(RECORDS TO PROCESS begins)
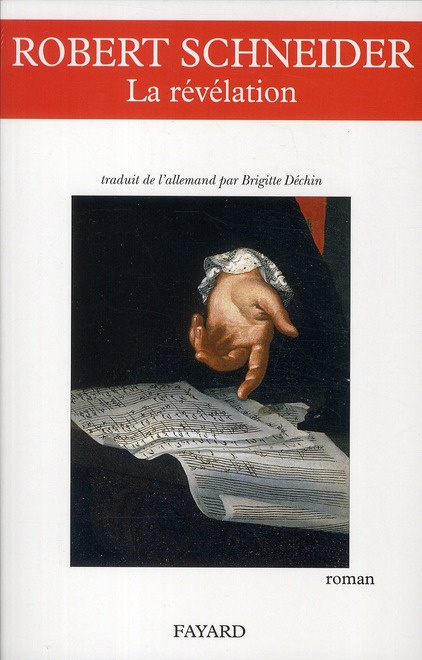 Emprunter La révélation livre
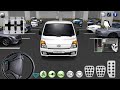 New Hyundai Porter For Parking - 3d Driving Class 🚚 | Android Game || Car Game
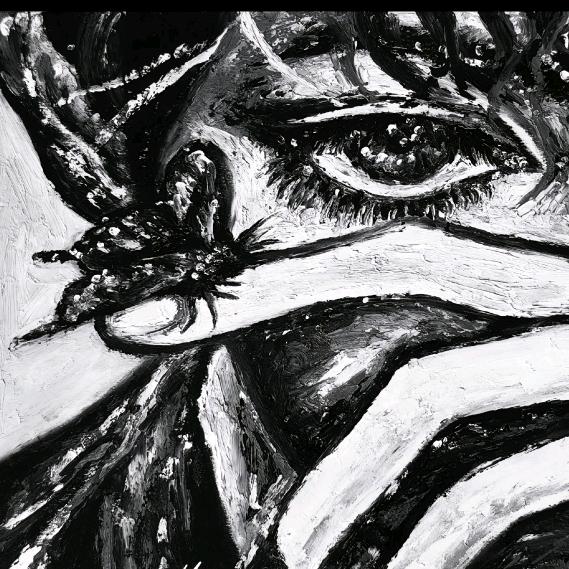 心事全在脸上.¹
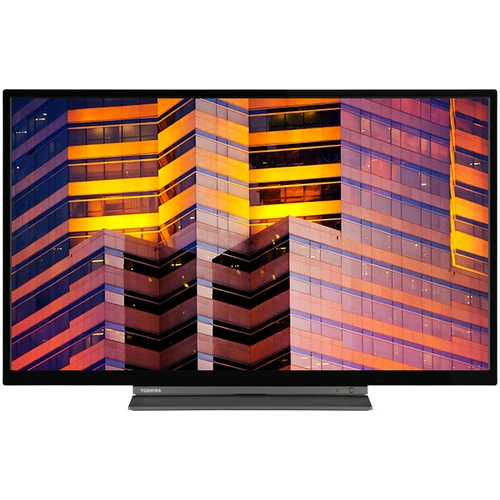 Toshiba 32LL3B63DG Televisor 81,3 cm (32") Full HD Smart TV Wifi Negro 0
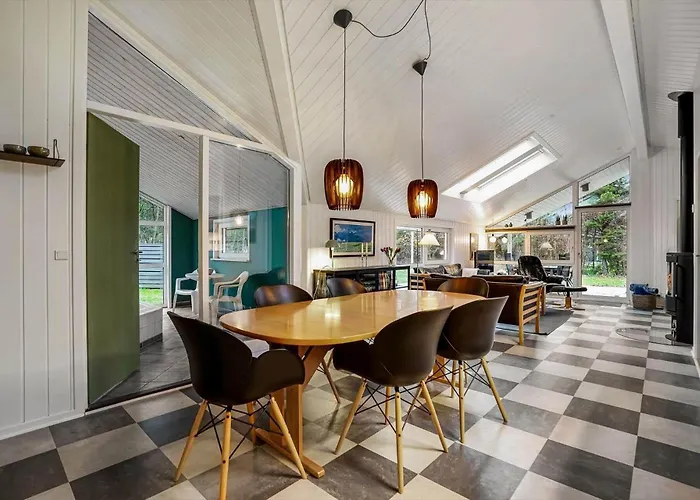 Casa de Férias Bv394-blavand-gronnevaenget-10-b Blåvand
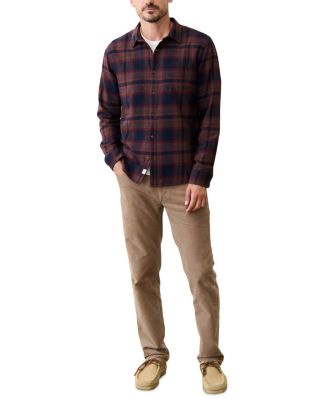 Pacifica Long Sleeve Stretch Shirt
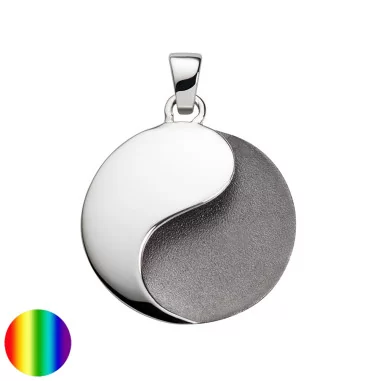 Collection inner Light - Symbolschmuck Anhänger – Ying Yang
(RECORDS TO PROCESS ends)
**WHAT IS REQUIRED:** Repeat all the records above exactly, leaving out any pictures.

**SOLUTION:**
 Emprunter La révélation livre
 New Hyundai Porter For Parking - 3d Driving Class 🚚 | Android Game || Car Game
 心事全在脸上.¹
 Toshiba 32LL3B63DG Televisor 81,3 cm (32") Full HD Smart TV Wifi Negro 0
 Casa de Férias Bv394-blavand-gronnevaenget-10-b Blåvand
 Pacifica Long Sleeve Stretch Shirt
 Collection inner Light - Symbolschmuck Anhänger – Ying Yang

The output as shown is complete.